From time immemorial it has been used for making houses, bridges, embankments and fences. It became legendary in Shaheed Titumir's fort. It is still popular for making furniture, baskets and household goods, and even hats. The concerned planter till today takes its support to keep a tree upright. Although not put into practice in the same fashion, time and again it has also been useful for keeping Man upright. Executed well, its single wallop on the rear can leave a lifelong impression.
The East Asians took the bamboo a notch higher, towards the mouth that is. They have mastered the art of making it a delicacy, now savoured in our posh hotels. However, when the bill arrives, it is often said that the bamboo has been served.
And many of you already know about the Bangalee politician, who frustrated as he was with the lack of drive amongst his fellow countrymen, bellowed out at a public meeting: 'The English have risen; the Americans have risen … (and so on). To rise, will you people have to be pushed up with a bamboo?'
Despite such fatherly concern, the continuing ramming and the whipping, particularly since the beginning of the infamous 'decade of progress' (!) under Ayub Khan's Martial Law, the outcome has neither been satisfactory nor savoury? As a danda it has a long, sad and sadistic history.
It has become a part of our daily life. In the classroom the teacher can give the student a bamboo without even raising his hand or holding one, but by simply giving the pupil more homework. When a subordinate fails in his task the boss in the office, instead of resorting to punitive measure by taking away something, completes his purpose by giving the employee the bamboo.

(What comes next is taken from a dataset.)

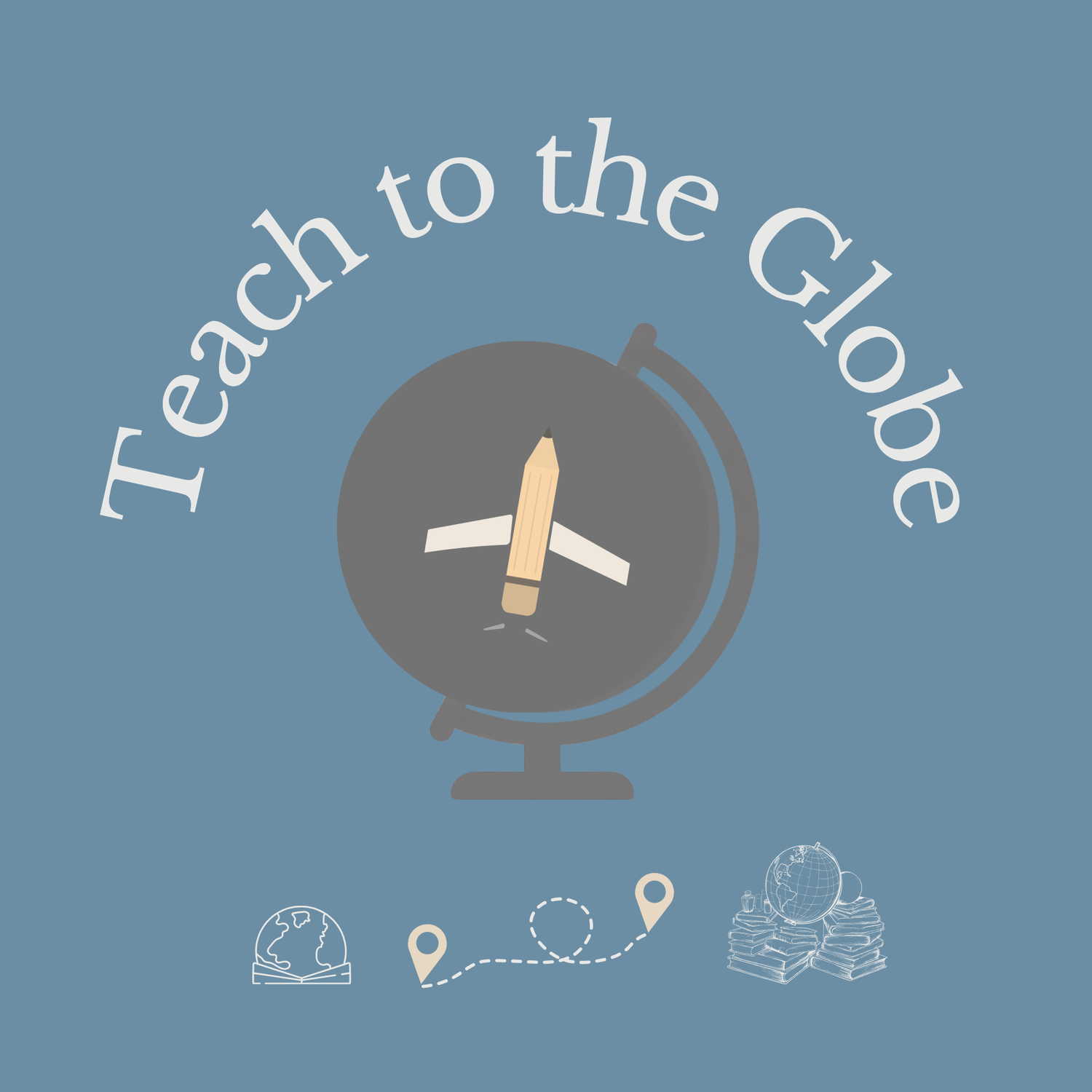 Teach to the Globe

Although in these floods we see bhelas made of banana tree trunks, in our riverine country, bamboo rafts are also common, as they are in many Asian countries.
And we owe today's article to Ts'ai Lun, a eunuch attached to the court of the Chinese emperor Ho Ti, who having all the free time in the world made the first paper in AD 105. Wonder what he used it for.
Talking of the Chinese, we recall the Bamboo Curtain, which is not to be taken literally, but akin to the Iron version, it was an ideological self-imposed barrier isolating Communist China from Western countries since the Communist revolution of 1949 until China took up glasnost in the late 1980s.
Even English proverbs owe their origin to bamboo. 'If a bamboo tube sounds loudly it is empty' is a Philippine proverb. Unless your head makes a lot of noise that should definitely ring a bell.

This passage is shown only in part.